(Dataset records)
══════════════════════════════
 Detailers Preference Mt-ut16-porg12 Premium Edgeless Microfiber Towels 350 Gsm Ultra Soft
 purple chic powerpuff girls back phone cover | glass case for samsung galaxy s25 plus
══════════════════════════════
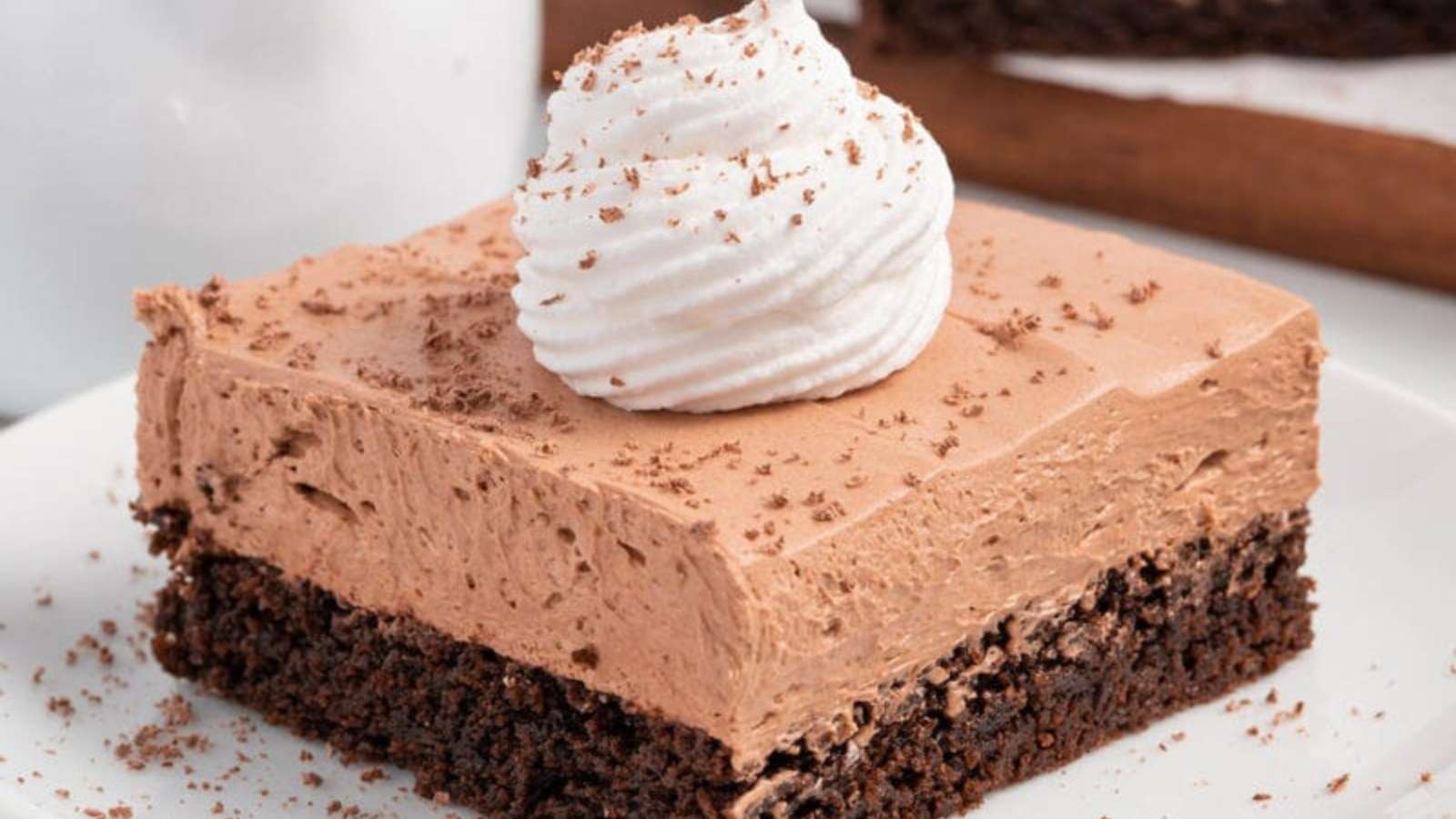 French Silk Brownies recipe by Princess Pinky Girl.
══════════════════════════════
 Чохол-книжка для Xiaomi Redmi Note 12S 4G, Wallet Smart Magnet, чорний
══════════════════════════════
(Directions for this task) From the records above, transcribe exactly the run of lines that opens with the line holding "Detailers Preference Mt-ut16-porg12" and closes with the line holding "purple chic powerpuff", both included.

(Solution for this exercise)
 Detailers Preference Mt-ut16-porg12 Premium Edgeless Microfiber Towels 350 Gsm Ultra Soft
 purple chic powerpuff girls back phone cover | glass case for samsung galaxy s25 plus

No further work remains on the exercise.